Author(s): Michael Tritthart; Daniel Wildt; Gabriele Weigelhofer
Keywords: Drought; Intermittent streams; Hydrodynamic model; Climate change
Abstract: Many smaller headwater streams have shifted from a perennial flow regime to an intermittent one during the past decades due to climate change, even in temperate climate zones. However, these streams fulfil an important role in the ecosystem due to their self-purifying capacity, which often is paramount to providing safe drinking water to populations nearby. In order to understand the potential changes following the expected higher frequency of droughts in the future, we set up a modelling framework that combines knowledge obtained from field measurements and laboratory studies to make an estimation at the reach scale. Sediment samples were taken at three reaches of different intermittent streams in Austria in two subsequent years and were analyzed regarding microbial activity and gas emissions in the lab. In parallel, using our in-house hydrodynamic code RSim-2D we set up two-dimensional hydrodynamic models for each of the streams in order to obtain the wetted areas for a number of low-flow discharges. The field samples were analyzed in different drying stages, and oven-dried to less than 5% moisture content, which is considered representative for sediment under severe, unshaded drought conditions.

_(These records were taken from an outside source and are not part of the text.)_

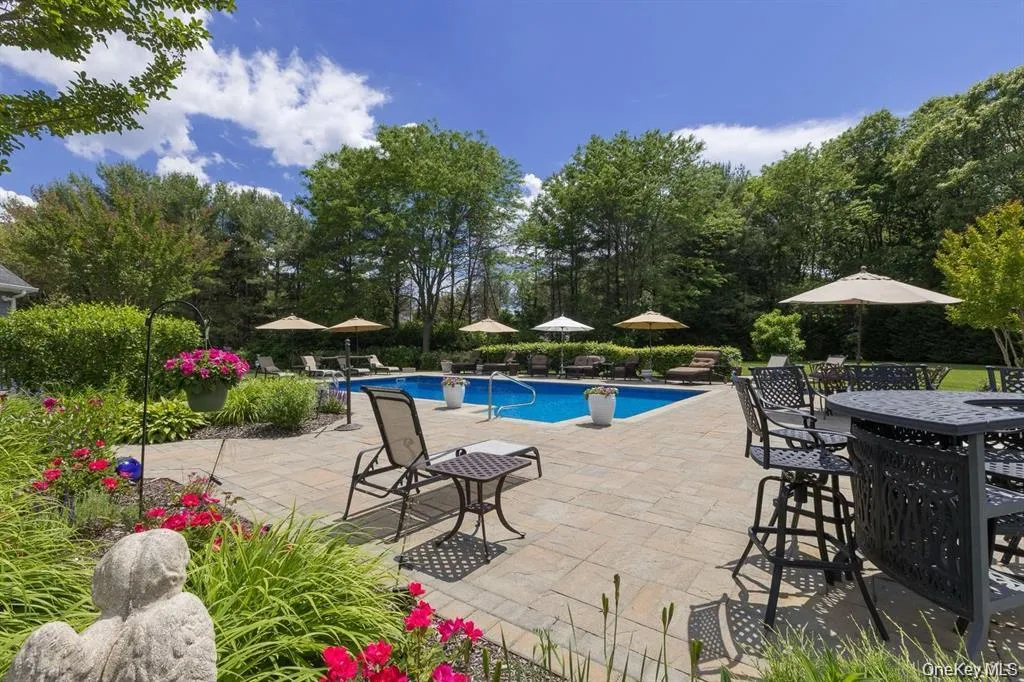 15 The Chase, Smithtown, NY, 6 Bedrooms Bedrooms, 11 Rooms Rooms,5 BathroomsBathrooms,Residential,For Rent,The Chase,0,1046808 15 The Chase, Smithtown, NY, 6 Bedrooms Bedrooms, 11 Rooms Rooms,5 BathroomsBathrooms,Residential,For Rent,The Chase,0,1046808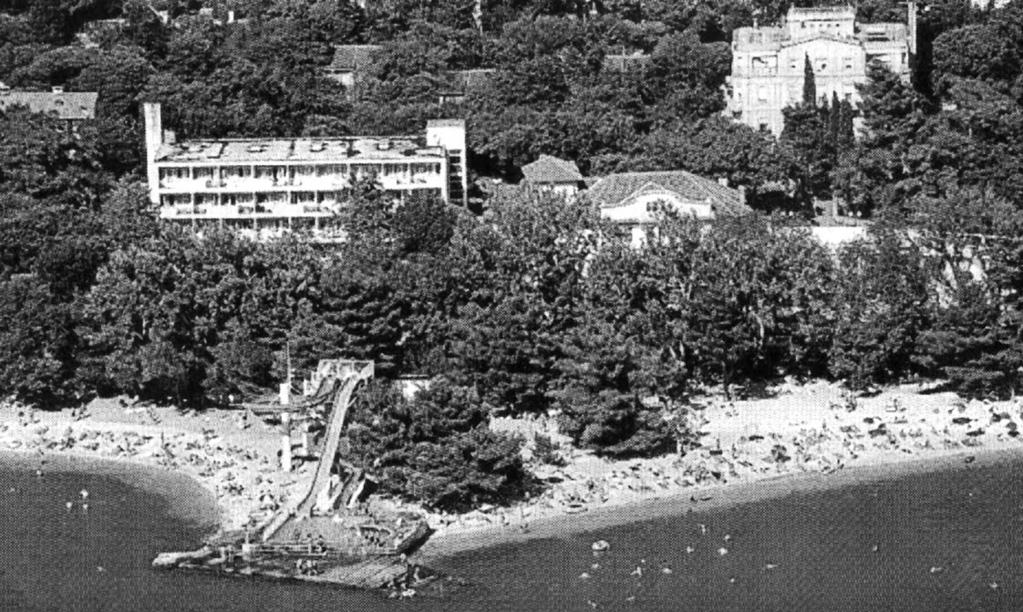 6 Akcije LJETOVANJE ZA»LANOVE Kao πto je poznato, naπa Udruga veê niz godina organizira za svoje Ëlanove ljetovanje na moru pod vrlo povoljnim uvjetima.
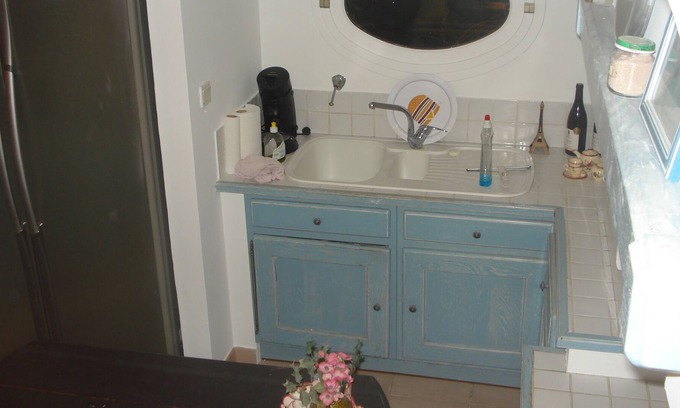 Morieres-les-Avignon Villa | independent apartment in villa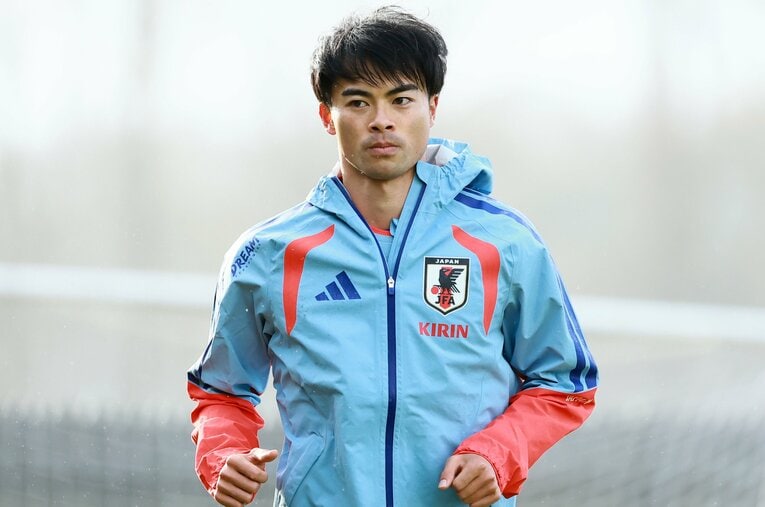 3月上旬に左足首を負傷したものの、日本代表に復帰した三笘薫（28歳） ／ photograph by AFLO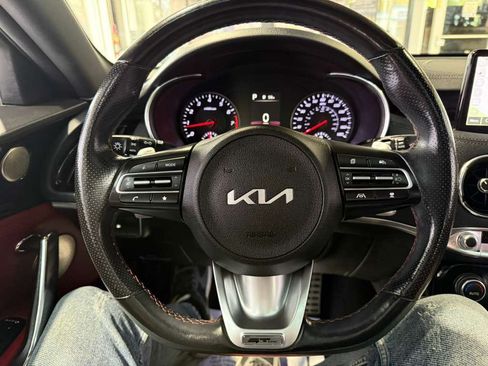 Used 2023 Kia Stinger GT-Line w/ Sun & Sound Package AWD/4WD image 11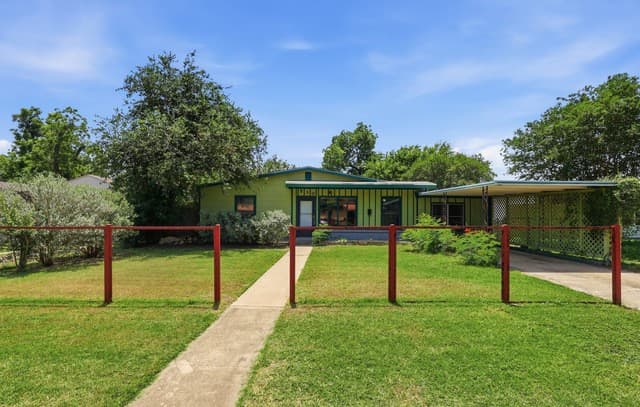 2-bedroom rental at 530 E Bonner Ave in San Antonio, TX — photo 3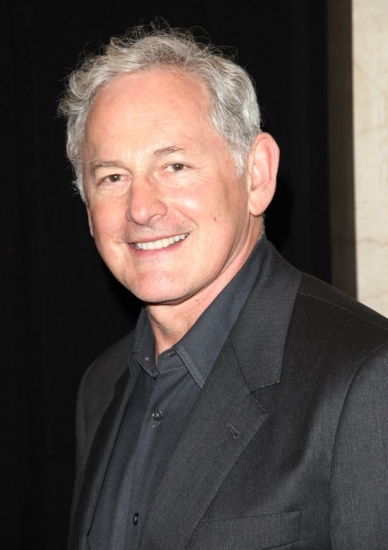 Victor Garber Photo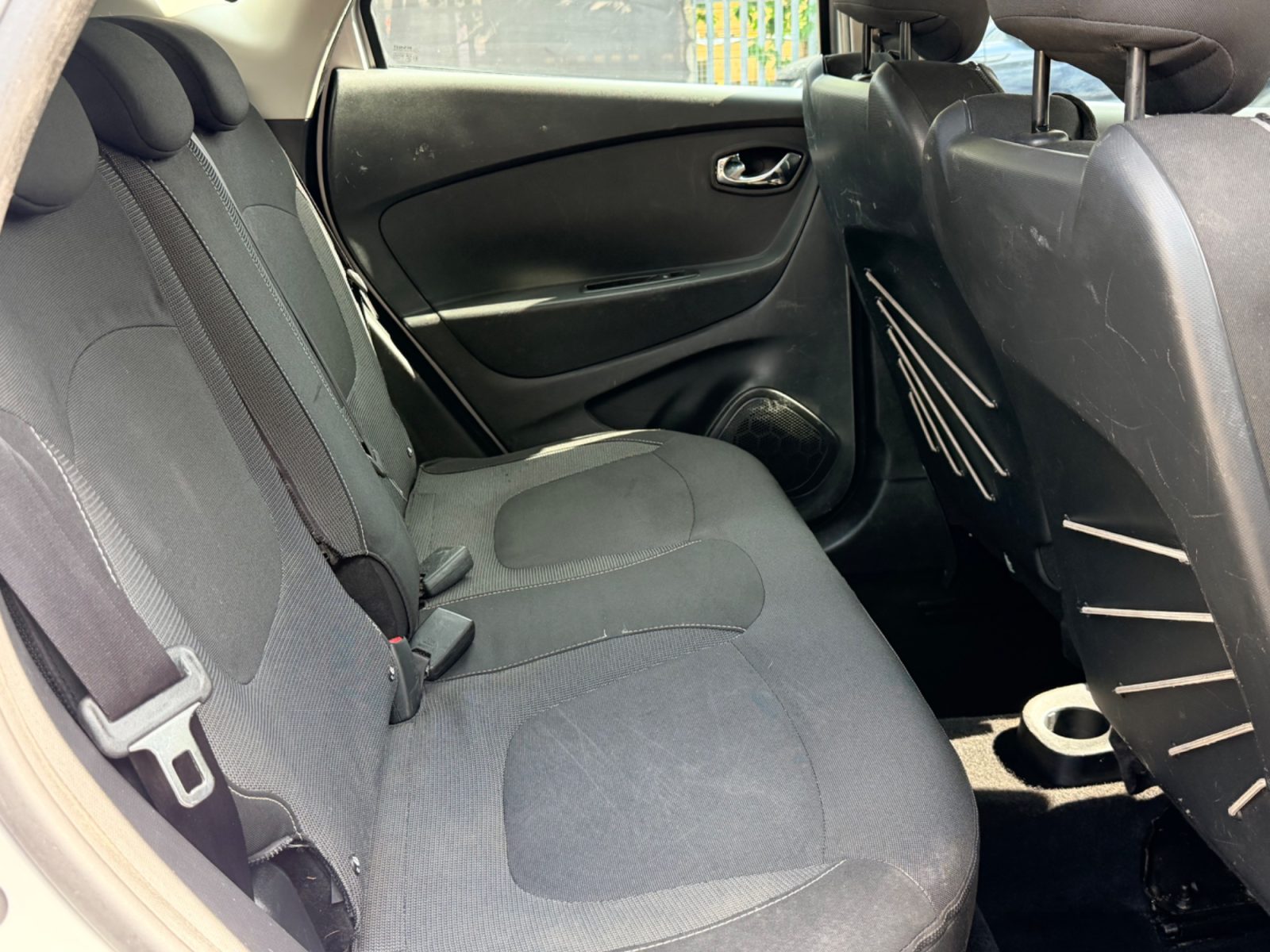 Renault Captur Dynamique Nav 0.9 TCe ENERGY Dynamique Nav Euro 6 2015 — photo 25
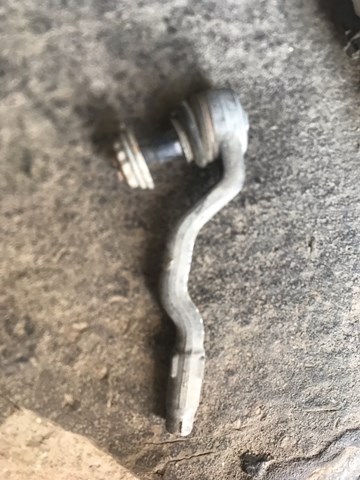 Наконечник рульовий 32106793497 BMW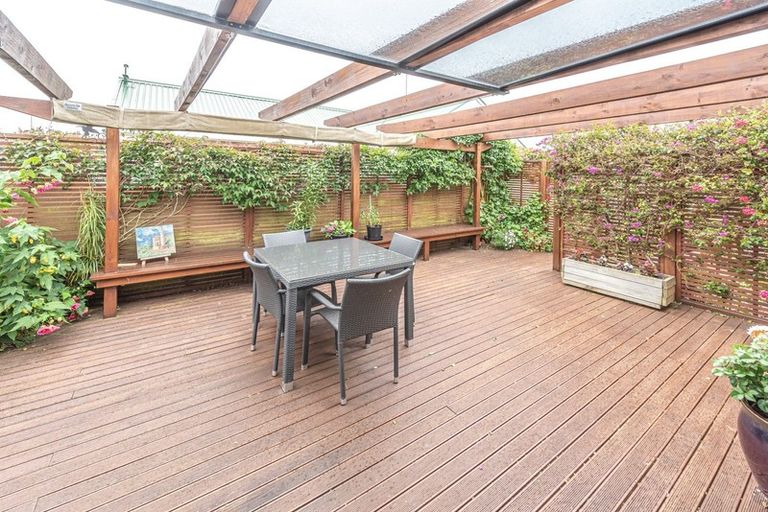 Photo of property in 30 Karamu Street, Tawhero, Whanganui, 4501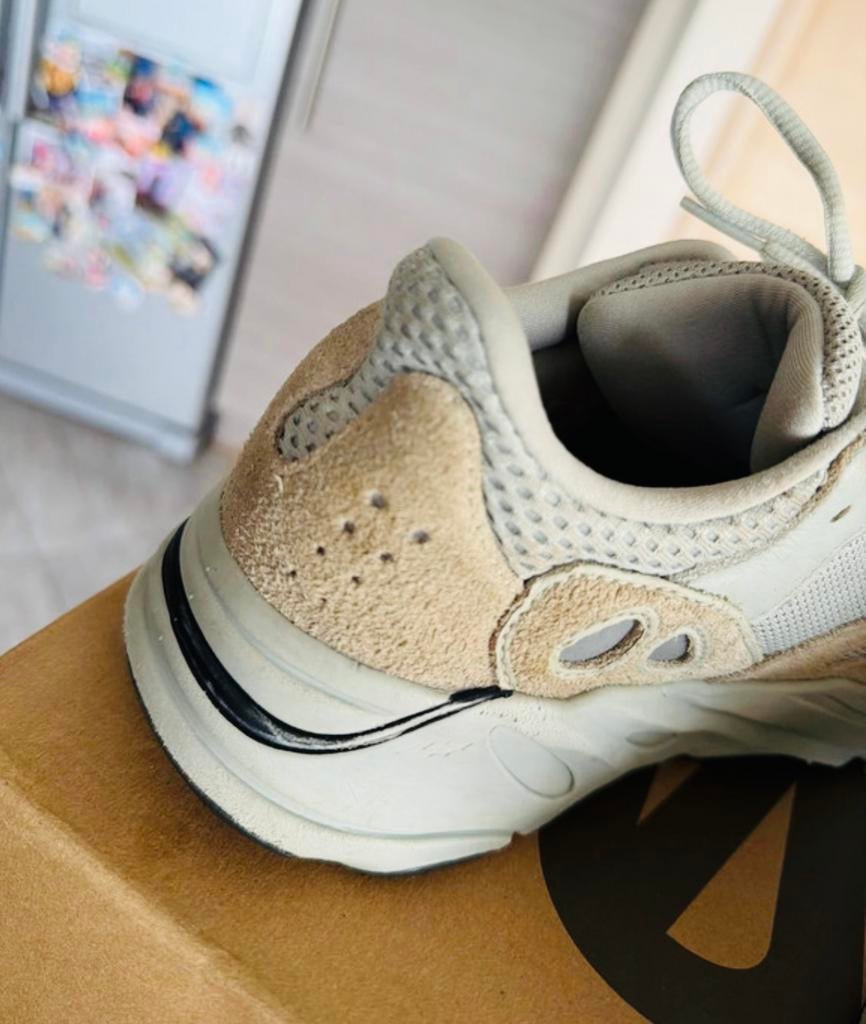 Adidas Yeezy Boost 700 Salt - Authentiek, Kleding | Dames, Schoenen, Gedragen, Sneakers, Grijs, Ophalen of Verzenden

Microbial activities were found to be mostly uncorrelated with the water content of the sample, except for the very dry stage, for which a statistically significant decrease could be observed. The modelling framework developed during the study combines the wetted areas at different simulated flow rates with the measured gas emissions as proxy of microbial activity and thus the self-purifying capacity. Depending on data availability, it can also consider wet-dry durations. In the streams investigated, we could indeed identify reduced microbial activity for lower discharges. This effect increased when assuming a reduction of the shading provided by the vegetation cover of the streambed. Our recommendation for the river management is therefore to ensure the availability of a vegetation cover for sustaining the self-purifying capacity of intermittent streams under a warming climate in the future.